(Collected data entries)

|---|

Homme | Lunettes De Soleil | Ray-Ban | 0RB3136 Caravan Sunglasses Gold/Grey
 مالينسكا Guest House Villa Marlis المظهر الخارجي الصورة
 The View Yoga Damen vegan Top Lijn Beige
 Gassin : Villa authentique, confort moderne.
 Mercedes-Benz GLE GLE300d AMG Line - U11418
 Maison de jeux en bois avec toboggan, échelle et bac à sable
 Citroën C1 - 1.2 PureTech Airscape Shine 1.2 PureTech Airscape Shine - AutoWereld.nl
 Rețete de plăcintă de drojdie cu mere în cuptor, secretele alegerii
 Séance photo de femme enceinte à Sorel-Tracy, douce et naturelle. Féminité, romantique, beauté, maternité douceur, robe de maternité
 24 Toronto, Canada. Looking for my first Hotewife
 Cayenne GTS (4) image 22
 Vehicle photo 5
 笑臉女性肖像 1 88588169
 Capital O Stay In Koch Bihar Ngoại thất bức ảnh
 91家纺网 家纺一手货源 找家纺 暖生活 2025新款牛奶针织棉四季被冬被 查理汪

|---|

- EXERCISE: Write out each entry above exactly as it is written.

- TASK SOLUTION:
Homme | Lunettes De Soleil | Ray-Ban | 0RB3136 Caravan Sunglasses Gold/Grey
 مالينسكا Guest House Villa Marlis المظهر الخارجي الصورة
 The View Yoga Damen vegan Top Lijn Beige
 Gassin : Villa authentique, confort moderne.
 Mercedes-Benz GLE GLE300d AMG Line - U11418
 Maison de jeux en bois avec toboggan, échelle et bac à sable
 Citroën C1 - 1.2 PureTech Airscape Shine 1.2 PureTech Airscape Shine - AutoWereld.nl
 Rețete de plăcintă de drojdie cu mere în cuptor, secretele alegerii
 Séance photo de femme enceinte à Sorel-Tracy, douce et naturelle. Féminité, romantique, beauté, maternité douceur, robe de maternité
 24 Toronto, Canada. Looking for my first Hotewife
 Cayenne GTS (4) image 22
 Vehicle photo 5
 笑臉女性肖像 1 88588169
 Capital O Stay In Koch Bihar Ngoại thất bức ảnh
 91家纺网 家纺一手货源 找家纺 暖生活 2025新款牛奶针织棉四季被冬被 查理汪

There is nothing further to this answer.